AIM OF THE EXERCISE -
Would you return exactly the lines below from the line with "set of umbrellas" through the line with "Magaschoni V-Neck Dark", both included, and nothing else, leaving out the pictures?

INFORMATION PROVIDED -
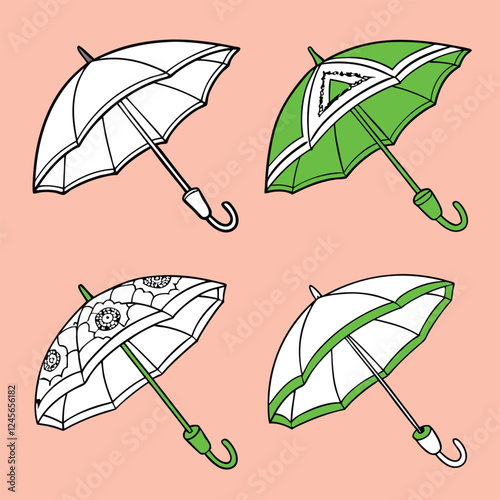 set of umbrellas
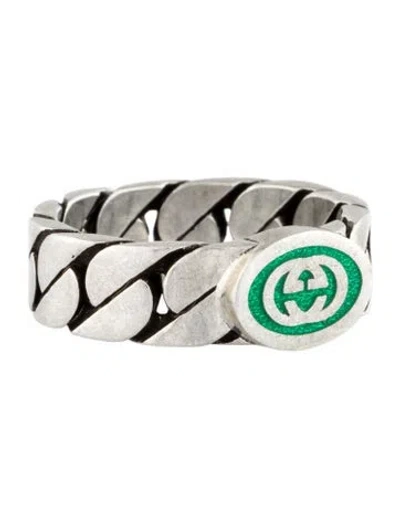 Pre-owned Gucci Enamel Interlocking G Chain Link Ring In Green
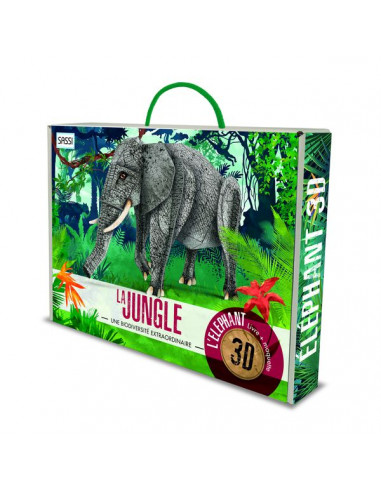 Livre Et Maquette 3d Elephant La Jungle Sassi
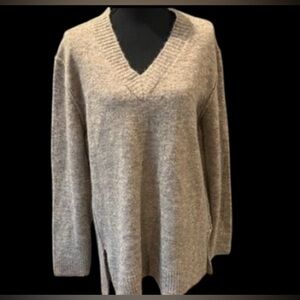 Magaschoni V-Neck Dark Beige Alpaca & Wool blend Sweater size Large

---

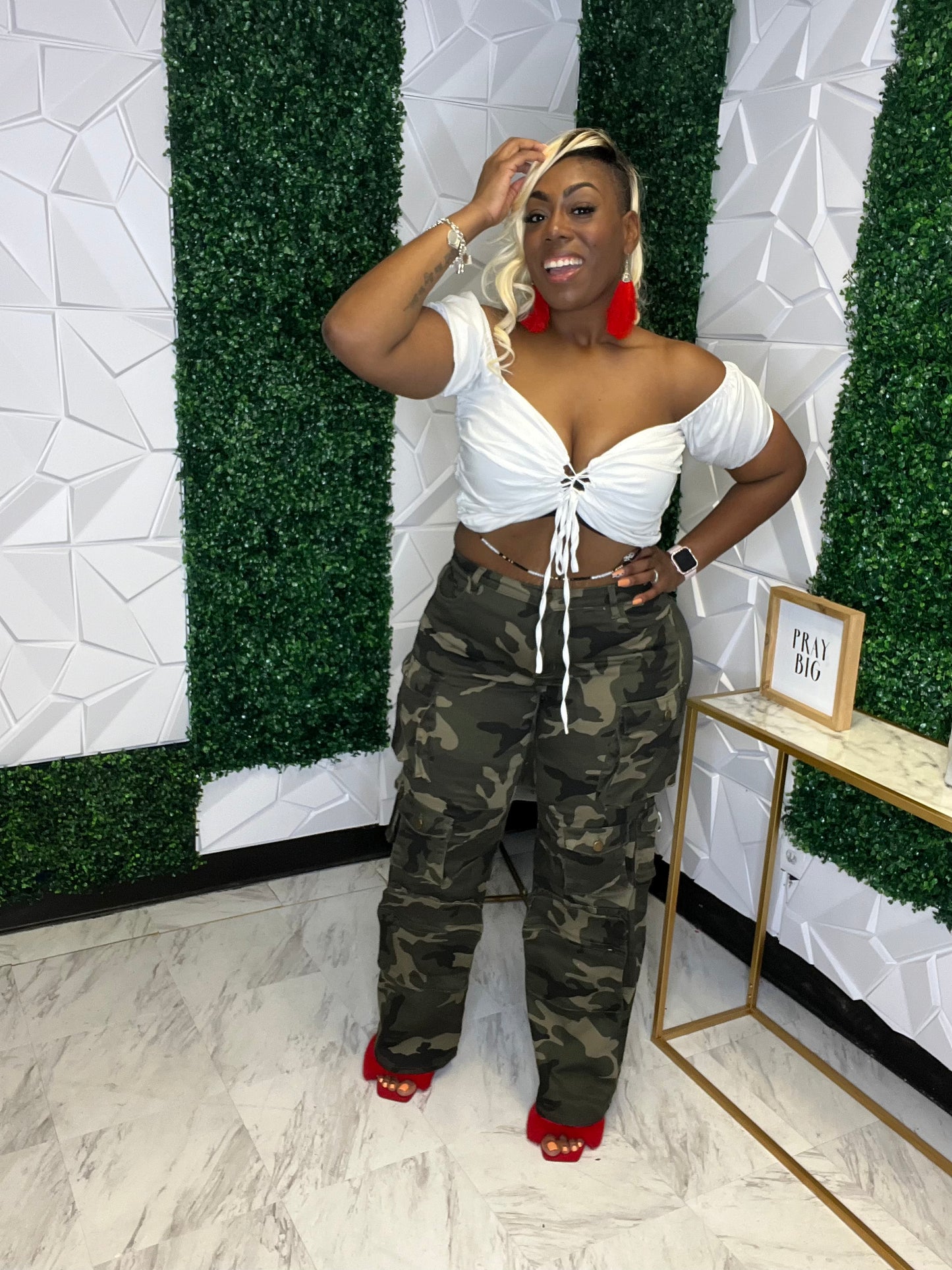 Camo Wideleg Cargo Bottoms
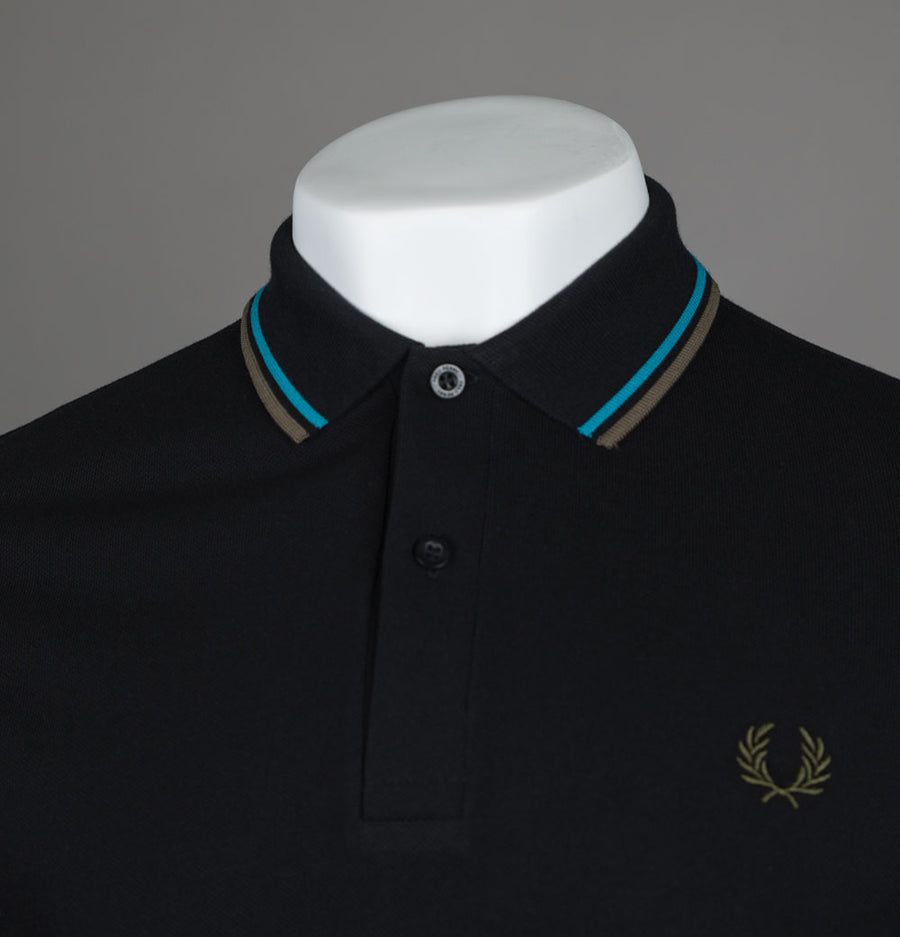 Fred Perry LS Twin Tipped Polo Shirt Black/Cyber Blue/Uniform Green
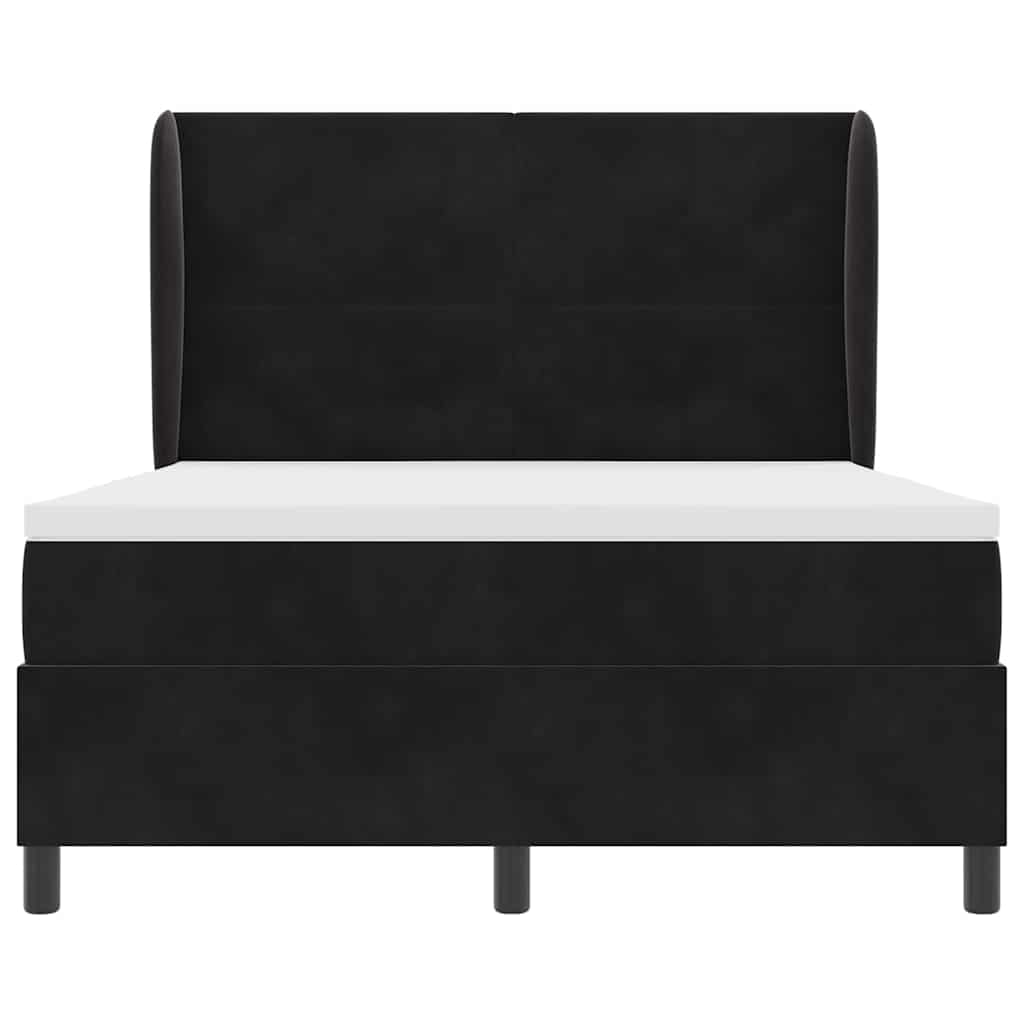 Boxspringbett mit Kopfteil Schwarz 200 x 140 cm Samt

ANSWER SPACE -
 set of umbrellas
 Pre-owned Gucci Enamel Interlocking G Chain Link Ring In Green
 Livre Et Maquette 3d Elephant La Jungle Sassi
 Magaschoni V-Neck Dark Beige Alpaca & Wool blend Sweater size Large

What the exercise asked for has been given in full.